I don't quite understand it. As far as I can tell, logic isn't about probability, it's about consistency. To whit:
(1) All men are mortal.
(2) Socrates is a man.
(3) Socrates is mortal.
(3) follows from (1) and (2) because the denial of (3) is inconsistent with (1) and (2). That's the definition of validity. It's not probably inconsistent with them, it flat out is inconsistent with them.
Logic deals with form, not content. It's the study of what forms of argumentation are valid, on the basis of what sorts of statements are consistent with each other. You can replace "men", "mortal", and "Socrates" in the above syllogism with anything you like, and it will still be valid (although the premises or the conclusion might not necessarily be true, but that's another matter and not one addressed by logic).
You'd have to have a very radical scepticism indeed to be able to doubt good logical reasoning, because unlike empirical or perceptual claims (the usual things that sceptics doubt) it leaves no room for doubt. Even if I doubt that I'm really sitting here - even if I think perhaps I'm dreaming or being tricked by a malicious demon - I cannot doubt the validity of the above syllogism, at least not in the same way. To doubt it I'd have to doubt all reasoning, without exception. But if I then infer anything from this doubt (e.g., the conclusion that logic can't be trusted), I'm using reasoning, and I'm no longer consistently doubting it.
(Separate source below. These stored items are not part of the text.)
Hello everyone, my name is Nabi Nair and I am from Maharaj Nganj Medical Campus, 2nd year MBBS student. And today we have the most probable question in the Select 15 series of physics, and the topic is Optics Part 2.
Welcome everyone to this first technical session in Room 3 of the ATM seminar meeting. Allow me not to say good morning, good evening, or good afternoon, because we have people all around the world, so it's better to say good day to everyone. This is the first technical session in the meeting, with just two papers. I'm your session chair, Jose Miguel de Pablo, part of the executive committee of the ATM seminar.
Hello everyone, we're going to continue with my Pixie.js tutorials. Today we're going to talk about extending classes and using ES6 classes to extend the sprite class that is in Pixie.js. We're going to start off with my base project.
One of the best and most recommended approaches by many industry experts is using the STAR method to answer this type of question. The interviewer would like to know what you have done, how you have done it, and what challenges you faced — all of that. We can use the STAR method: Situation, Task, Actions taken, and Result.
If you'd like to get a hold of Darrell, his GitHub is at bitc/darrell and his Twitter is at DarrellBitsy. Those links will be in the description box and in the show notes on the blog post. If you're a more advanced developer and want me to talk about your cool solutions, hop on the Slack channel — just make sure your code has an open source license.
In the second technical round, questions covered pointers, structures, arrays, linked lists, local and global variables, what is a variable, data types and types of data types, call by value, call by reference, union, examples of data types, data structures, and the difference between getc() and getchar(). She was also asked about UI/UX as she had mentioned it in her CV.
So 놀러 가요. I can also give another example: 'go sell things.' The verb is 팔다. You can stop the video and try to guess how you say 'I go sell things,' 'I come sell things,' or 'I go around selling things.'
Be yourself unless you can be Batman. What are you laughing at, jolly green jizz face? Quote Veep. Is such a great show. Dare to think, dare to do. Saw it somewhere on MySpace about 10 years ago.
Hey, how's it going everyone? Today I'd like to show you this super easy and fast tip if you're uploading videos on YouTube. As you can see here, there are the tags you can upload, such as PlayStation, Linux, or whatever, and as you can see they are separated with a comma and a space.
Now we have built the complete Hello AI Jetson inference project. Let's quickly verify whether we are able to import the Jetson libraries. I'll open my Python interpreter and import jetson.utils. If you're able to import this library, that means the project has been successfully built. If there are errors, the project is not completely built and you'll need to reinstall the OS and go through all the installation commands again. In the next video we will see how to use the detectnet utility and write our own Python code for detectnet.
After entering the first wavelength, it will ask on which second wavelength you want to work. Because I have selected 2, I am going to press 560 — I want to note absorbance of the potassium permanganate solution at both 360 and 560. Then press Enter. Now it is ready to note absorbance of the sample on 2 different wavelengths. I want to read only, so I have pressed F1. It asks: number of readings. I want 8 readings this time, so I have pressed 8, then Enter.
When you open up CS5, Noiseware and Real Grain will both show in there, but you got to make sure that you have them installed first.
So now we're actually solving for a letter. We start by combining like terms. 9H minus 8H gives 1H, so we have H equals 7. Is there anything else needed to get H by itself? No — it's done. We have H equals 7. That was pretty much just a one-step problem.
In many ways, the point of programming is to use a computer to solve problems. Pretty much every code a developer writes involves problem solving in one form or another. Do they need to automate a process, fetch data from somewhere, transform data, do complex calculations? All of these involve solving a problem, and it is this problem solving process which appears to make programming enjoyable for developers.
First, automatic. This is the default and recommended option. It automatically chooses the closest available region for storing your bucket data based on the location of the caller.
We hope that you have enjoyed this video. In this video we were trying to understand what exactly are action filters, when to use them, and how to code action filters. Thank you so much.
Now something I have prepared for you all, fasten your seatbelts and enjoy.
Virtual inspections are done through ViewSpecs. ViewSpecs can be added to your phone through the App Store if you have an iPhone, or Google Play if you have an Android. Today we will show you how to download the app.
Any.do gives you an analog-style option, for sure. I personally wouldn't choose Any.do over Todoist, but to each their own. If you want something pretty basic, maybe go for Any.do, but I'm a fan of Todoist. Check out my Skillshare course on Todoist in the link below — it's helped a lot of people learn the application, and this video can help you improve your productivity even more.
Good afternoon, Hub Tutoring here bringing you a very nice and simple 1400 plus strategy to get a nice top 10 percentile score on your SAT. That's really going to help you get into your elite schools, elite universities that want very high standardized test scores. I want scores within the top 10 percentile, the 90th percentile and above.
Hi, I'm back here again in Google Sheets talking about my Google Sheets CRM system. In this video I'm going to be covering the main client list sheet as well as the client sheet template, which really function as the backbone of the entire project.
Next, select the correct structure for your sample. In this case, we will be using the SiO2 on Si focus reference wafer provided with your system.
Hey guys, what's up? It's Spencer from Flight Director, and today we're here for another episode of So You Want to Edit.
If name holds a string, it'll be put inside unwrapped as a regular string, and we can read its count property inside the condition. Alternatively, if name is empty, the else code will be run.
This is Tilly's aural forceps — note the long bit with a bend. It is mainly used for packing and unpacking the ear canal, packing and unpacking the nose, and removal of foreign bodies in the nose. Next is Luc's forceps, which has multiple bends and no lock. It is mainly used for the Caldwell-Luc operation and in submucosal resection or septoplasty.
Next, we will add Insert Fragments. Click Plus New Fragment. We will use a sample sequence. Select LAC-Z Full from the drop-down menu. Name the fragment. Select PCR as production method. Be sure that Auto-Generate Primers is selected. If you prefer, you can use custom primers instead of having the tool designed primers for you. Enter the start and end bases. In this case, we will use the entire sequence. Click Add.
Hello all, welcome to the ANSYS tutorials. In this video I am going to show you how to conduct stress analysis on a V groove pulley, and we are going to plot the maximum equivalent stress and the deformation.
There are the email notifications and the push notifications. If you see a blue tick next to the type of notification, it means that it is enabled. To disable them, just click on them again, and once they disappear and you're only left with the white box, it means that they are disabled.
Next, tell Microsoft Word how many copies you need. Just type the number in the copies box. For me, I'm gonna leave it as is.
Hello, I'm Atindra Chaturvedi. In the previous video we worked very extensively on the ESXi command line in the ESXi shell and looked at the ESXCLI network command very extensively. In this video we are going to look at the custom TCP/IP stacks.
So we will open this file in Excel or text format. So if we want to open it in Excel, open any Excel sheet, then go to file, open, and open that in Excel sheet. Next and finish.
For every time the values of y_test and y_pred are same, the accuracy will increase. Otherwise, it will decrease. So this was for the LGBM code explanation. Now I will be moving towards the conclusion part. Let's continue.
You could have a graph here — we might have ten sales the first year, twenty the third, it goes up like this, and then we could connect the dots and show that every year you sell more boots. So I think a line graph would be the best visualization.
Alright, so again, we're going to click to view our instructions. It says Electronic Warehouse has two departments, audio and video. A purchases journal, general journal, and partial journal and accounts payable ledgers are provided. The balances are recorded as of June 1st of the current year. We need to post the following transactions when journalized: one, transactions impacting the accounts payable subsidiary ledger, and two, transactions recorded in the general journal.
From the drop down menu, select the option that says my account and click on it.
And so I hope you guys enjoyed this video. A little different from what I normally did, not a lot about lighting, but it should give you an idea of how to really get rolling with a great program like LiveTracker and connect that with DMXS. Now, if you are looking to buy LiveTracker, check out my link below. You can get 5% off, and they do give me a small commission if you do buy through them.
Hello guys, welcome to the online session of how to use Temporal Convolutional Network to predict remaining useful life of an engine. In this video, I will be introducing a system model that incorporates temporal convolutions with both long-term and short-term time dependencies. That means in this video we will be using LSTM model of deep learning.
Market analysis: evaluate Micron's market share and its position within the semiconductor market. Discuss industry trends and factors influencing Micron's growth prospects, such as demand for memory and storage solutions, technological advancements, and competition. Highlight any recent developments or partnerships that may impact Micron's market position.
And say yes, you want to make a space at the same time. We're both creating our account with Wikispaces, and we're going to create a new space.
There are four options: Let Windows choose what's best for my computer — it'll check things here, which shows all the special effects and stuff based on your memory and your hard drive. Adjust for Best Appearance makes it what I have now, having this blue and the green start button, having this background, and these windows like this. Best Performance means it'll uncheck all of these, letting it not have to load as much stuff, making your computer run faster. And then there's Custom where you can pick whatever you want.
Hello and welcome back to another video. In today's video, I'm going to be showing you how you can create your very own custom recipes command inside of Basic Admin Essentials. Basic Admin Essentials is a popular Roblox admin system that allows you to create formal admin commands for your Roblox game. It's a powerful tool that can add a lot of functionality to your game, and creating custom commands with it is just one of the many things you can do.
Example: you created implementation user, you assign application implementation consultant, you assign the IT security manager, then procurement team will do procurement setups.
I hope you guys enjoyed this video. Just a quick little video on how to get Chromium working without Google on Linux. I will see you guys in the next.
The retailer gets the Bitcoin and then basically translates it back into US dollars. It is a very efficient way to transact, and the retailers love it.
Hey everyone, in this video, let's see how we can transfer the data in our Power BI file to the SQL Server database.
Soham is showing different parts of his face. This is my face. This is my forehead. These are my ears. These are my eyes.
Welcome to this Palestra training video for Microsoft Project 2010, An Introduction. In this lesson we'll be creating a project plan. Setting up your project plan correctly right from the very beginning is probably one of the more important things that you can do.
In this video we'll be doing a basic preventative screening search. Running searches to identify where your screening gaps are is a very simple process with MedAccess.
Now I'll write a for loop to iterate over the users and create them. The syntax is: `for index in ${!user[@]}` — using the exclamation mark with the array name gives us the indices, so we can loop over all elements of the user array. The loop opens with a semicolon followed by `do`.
Also, why would you doubt such things in the first place? Sceptical arguments usually turn on the point that things like memory or sensory perception are fallible, because we've found them to be imperfect. And there are masses of examples, e.g. the stick that is straight but looks bent when put in water, or the tower that is square but looks round from a distance, or the jaundice that makes sufferers perceive everything to be yellow (not actually true, but a frequently repeated example from, I think, Sextus Empiricus onwards). And the argument basically boils down to the claim that any source which has let us down in the past isn't entirely reliable and therefore can't be entirely trusted. But it's hard to see how this argument could be applied to logic, since you'd have to have an example of logic being wrong. Of course people sometimes make mistakes when trying to think logically, but the error is theirs, not logic's. They may think they're thinking logically but they're not.